- _Your assignment_
An exact copy of the data below is needed; please leave out any pictures.

- _Recorded data_
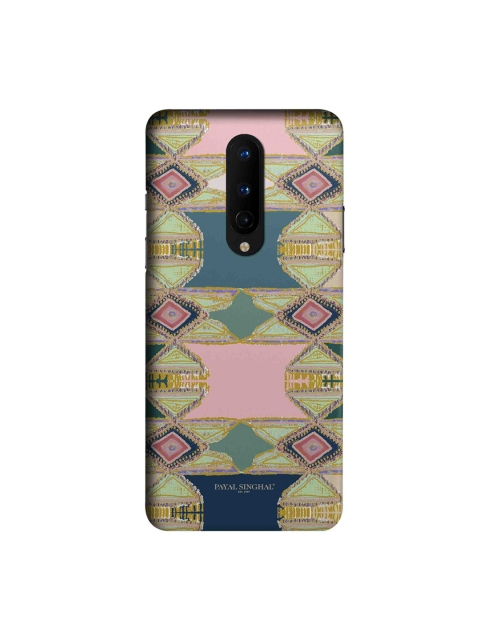 

CelfieDesign Green & Pink Aztec Print OnePlus 8 Slim Back Case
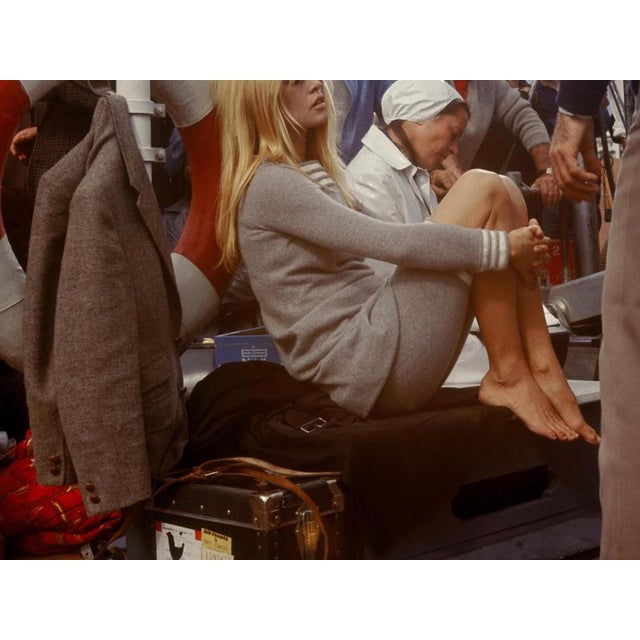 Jim Gray, Brigitte Bardot on Set, 1966, Large Print For Sale - Image 6 of 9
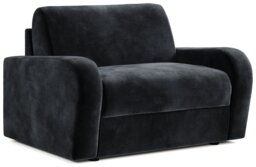 Jay-Be Deco Velvet Love Chair Sofa Bed - Charcoal - thumbnail 1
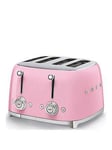 Smeg 50S 4 Slice Toaster - Pink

- _Written response_
CelfieDesign Green & Pink Aztec Print OnePlus 8 Slim Back Case
 Jim Gray, Brigitte Bardot on Set, 1966, Large Print For Sale - Image 6 of 9
 Jay-Be Deco Velvet Love Chair Sofa Bed - Charcoal - thumbnail 1
 Smeg 50S 4 Slice Toaster - Pink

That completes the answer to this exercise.